Section 14: Failure or Impossibility to Act
- Sub- section 14(1) states that: An arbitrator's mandate terminates, and they must be replaced if:
- They become unable to perform their functions (legally or factually) or fail to act without undue delay, and
- They withdraw or parties agree to terminate their mandate
- Sub- section 14(2) states that: If there's disagreement about the grounds in 14(1)(a), a party may ask the Court to decide on terminating the arbitrator's mandate, unless parties agreed to a different procedure.
- Sub- section 14(3) states that: If an arbitrator withdraws or a party agrees to terminate their mandate under this section or 13(3), this doesn't mean they accept the validity of the grounds for termination.
Section 15: Termination of Mandate and Substitution of Arbitrator
- Sub- section 15(1) states that: Besides the circumstances in Sections 13 and 14, an arbitrator's mandate terminates when:
- They withdraw for any reason, or
- By or following agreement of the parties
- Sub- section 15(2) states that: When an arbitrator's mandate terminates, a replacement must be appointed following the same rules that applied to the appointment of the arbitrator being replaced.
- Sub- section 15(3) states that: Unless parties agree otherwise, when an arbitrator is replaced, the arbitral tribunal may decide whether to repeat previously held hearings.
- Sub- section 15(4) states that: Unless parties agree otherwise, orders or rulings made before an arbitrator's replacement remain valid despite the change in tribunal composition.
Conclusion
The provisions governing the composition of arbitral tribunals embody the balance between party autonomy and procedural safeguards that characterizes modern arbitration law. Parties have substantial freedom to design the tribunal that will decide their dispute, but the law also provides default rules and court intervention when necessary to prevent procedural breakdowns.

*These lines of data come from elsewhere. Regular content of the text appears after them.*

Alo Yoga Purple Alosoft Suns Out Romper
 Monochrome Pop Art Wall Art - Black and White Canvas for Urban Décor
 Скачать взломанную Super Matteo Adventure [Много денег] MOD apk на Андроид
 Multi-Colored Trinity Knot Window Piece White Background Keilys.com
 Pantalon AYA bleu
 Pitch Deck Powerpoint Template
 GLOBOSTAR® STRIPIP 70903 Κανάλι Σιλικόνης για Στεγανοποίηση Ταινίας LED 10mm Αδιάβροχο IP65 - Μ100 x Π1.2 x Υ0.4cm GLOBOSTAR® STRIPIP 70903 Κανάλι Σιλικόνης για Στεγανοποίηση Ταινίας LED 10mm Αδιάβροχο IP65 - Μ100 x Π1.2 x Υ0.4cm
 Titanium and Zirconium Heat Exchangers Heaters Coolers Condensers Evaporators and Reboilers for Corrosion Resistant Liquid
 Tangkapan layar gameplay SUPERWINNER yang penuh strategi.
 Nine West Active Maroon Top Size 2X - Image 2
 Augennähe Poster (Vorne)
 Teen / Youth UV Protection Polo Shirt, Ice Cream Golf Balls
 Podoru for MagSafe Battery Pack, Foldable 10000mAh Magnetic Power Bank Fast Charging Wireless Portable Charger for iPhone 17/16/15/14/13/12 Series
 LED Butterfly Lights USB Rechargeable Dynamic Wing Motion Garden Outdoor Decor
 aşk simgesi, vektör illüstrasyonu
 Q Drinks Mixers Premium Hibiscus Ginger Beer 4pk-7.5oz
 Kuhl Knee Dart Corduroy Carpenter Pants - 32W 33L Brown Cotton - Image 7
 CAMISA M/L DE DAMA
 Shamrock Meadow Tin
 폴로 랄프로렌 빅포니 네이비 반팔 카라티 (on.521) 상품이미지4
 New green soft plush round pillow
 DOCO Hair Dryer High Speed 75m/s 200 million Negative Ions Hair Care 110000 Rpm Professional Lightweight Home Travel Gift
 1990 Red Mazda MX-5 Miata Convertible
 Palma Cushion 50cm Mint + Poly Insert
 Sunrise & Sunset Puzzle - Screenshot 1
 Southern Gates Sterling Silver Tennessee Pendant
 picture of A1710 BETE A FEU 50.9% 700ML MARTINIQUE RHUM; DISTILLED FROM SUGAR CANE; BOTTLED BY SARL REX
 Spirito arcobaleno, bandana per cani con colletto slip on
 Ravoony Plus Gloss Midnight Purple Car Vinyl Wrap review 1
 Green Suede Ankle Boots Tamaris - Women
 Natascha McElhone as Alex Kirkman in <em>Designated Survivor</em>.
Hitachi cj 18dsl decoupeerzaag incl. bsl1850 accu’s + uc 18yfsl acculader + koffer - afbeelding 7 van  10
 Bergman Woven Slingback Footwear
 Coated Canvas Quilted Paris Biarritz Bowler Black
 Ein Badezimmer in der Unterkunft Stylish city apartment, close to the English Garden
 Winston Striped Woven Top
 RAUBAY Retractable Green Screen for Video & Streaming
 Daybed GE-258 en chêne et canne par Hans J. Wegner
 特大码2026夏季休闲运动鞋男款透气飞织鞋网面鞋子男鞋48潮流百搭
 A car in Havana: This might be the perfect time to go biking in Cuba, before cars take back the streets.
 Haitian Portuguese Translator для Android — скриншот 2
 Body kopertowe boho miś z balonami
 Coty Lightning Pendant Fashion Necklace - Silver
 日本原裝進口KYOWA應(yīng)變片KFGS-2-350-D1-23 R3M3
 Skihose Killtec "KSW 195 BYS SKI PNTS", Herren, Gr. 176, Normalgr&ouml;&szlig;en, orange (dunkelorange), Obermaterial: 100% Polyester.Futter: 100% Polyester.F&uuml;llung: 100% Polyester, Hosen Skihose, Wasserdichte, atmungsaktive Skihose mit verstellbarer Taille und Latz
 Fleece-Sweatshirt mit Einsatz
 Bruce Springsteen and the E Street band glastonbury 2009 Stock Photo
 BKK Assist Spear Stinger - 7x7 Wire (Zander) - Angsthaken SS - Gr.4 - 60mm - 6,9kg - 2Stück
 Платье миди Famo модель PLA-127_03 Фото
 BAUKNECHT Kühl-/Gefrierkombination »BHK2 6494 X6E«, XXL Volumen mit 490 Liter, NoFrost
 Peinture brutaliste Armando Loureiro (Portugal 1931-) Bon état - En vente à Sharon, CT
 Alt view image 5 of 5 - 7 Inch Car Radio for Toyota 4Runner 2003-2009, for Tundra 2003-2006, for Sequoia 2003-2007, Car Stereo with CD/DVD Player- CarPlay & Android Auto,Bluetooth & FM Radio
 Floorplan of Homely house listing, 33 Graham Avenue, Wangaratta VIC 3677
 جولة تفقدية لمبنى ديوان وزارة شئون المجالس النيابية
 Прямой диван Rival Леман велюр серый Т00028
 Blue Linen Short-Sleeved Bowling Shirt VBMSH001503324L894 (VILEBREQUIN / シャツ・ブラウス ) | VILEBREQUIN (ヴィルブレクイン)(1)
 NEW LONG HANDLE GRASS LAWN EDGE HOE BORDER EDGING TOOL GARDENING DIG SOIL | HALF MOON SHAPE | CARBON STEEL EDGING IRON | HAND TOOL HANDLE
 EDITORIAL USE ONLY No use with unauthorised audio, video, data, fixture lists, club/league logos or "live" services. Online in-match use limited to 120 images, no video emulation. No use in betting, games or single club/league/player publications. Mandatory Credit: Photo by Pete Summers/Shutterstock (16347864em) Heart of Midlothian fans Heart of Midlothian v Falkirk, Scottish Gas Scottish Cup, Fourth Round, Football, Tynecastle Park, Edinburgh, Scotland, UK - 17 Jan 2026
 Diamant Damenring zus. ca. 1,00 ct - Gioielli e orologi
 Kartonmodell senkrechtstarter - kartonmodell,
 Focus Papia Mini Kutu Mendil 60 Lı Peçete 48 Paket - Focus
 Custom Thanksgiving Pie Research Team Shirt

Understanding these provisions is crucial for effective participation in arbitration. The appointment, challenge, and replacement mechanisms ensure that arbitral tribunals are properly constituted, impartial, and equipped to resolve disputes efficiently. At the same time, the disclosure requirements and grounds for challenge protect the integrity of the arbitration process by addressing potential conflicts of interest.